Indice de Pascual Orozco y la revuelta de Chihuahua de Ramón Puente Capítulo Cuarto Capítulo SextoBiblioteca Virtual Antorcha

PASCUAL OROZCO
Y
LA REVUELTA EN CHIHUAHUA

Dr. Ramón Puente

CAPÍTULO QUINTO

La defección de las tropas. Orozco en los cuarteles. Escena en la Penitenciaría. Chihuahua en poder de los rebeldes. Los jóvenes de la buena sociedad se alistan en las filas.


Emociones de distinta naturaleza disfrutaba en aquellas horas memorables del dos al tres de marzo de mil novecientos doce, el ilustre general Pascual Orozco.

Como lo asentó en su cacareada renuncia, hecha en forma de Manifiesto a la Nación, sólo volvería al servicio de la Patria si el pueblo, el soberano entre los soberanos, según cordovina frase, así se lo pedía. El General sintió en esas horas solemnes, en ese momento de oro de su vida, que los habitantes todos del Anáhuac lo proclamaban caudillo encomendándole, a gritos, la sagrada misión de derribar el Gobierno de don Francisco I. Madero; se figuró que el Plan de San Luis Potosí, vuelto persona, le exigía con voz autoritaria que realizara y diera cumplimiento a sus promesas.

Orozco, sintiendo arder en su esforzado corazón la llama redentora de las revolnciones, se encaminó a los cuarteles donde ya lo esperaban ansiosos sus muchachos y les dijo, con palabra torpe, pero conmovida, que iba a ver quiénes eran los que querian seguirlo en la nueva lncha que tan arriesgada y noblemente iba a emprender, porque altos deberes de patriotismo así se lo exigían.
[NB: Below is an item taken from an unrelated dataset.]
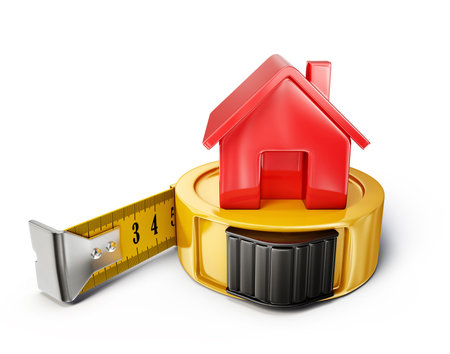 red house concept on a white.3d illustrationの写真素材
Como era de esperarse, por estar convenido, ninguno de aquellos valientes se negó a seguir a su general; y el golpe efectista de la pantomima fué la prisión dulce, benigna, de los coroneles Marcelo Caraveo y Agustin Estrada, que, como jefes de la guarnición y militares pundonorosos, se abstuvieron de secundar el movimiento.

Un poco más tarde, después que quedaron arreglados los cuarteles y proclamado Orozco Jefe Supremo de la Revuelta, se dirigió a la Penitenciaria, acompañado de algunos oficiales, y, acto continuo, hizo llamar al Alcalde ordenándole que pusiera a su disposición los reos políticos; y aunque semejante procedimiento le pareciera un poco irregular al Jefe del Presidio, sin embargo, no pudiendo oponerse ni replicar siquiera al mandato de aquella omnipotencia, hizo traer sin dilación ante el caudillo los presos que se le pidieron.

Formados en el patio y a la indecisa claridad del día que ya empezaba, Orozco el Grande, como lo llamara pocos días después el poeta cantor de sus hazañas, dirigió la palabra enfáticamente a los reos, en los siguientes o parecidos términos: Señores, desde estos momentos yo soy tan revolucionario como todos ustedes (aquí la frase favorita y decisiva de Córdova) altos deberes de patriotismo me obligan a lanzarme otra vez a la revolución. Vengo a daros vuestra libertad, mas si alguno de vosotros fuere anuente (expresión sui géneris del héroe) a venirse conmigo, estoy dispuesto a recibirlo con los brazos abiertos.

No hubo uno solo de aquellos individuos que no quisiera, de mil amores, acompañar a su libertador; pero, pasada una revista a las filas, se exceptuaron tres o cuatro de entre ellos, que, según el decir del General, habían muy mala catadura.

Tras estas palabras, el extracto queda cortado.